Nos dias de hoje, a mistura nunca foi tão bem aceita por grande parte do público, porém, Tito se mantém fiel à suas raízes e sempre pregando o evangelho dos bons sons para uma pista que cada vez mais, fica diluída com o pop teen que invadiu a rede. Bati um papo com essa figura que contou sobre seu início de carreira e seus novos projetos.

1-Assim como muitos Djs de rock, você flerta muito com dance music e eletrônica. Conte um pouco dessa trajetória.

Minha monografia na faculdade de jornalismo (carreira largada) foi sobre Bossa Nova.
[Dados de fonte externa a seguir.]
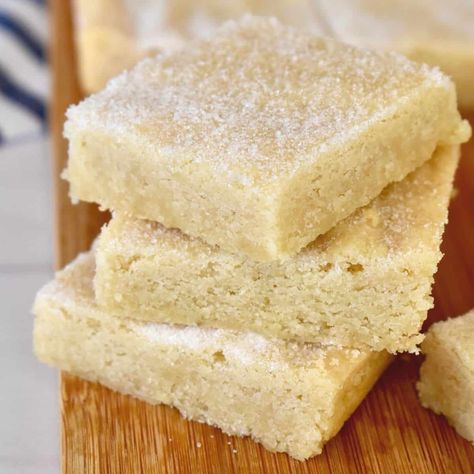 Shortbread Cookie Bars Recipes, Shortbread Bar Cookies, Square Pan Recipes, Short Bread Bars, Unleavened Recipes, Shortbread Cookie Bars, Shortbread Squares, Best Shortbread Cookie Recipe, Christmas Bars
Então, quando o assunto é música, eu não só flerto com tudo como sou um promíscuo assumido. Rs. Não sei dizer qual é a minha. Amo boa música, acima de tudo. E o próprio público também já não atura mais a mesma sonoridade a noite toda.

Meu ecletismo talvez seja fruto de uma infância pobre… rs. Na minha casa só tinha um velho rádio National AM/FM/SW1. Então, quando eu ia pra casa de alguém que tinha uma aparelhagem melhorzinha, um simples toca-discos, qualquer música me divertia.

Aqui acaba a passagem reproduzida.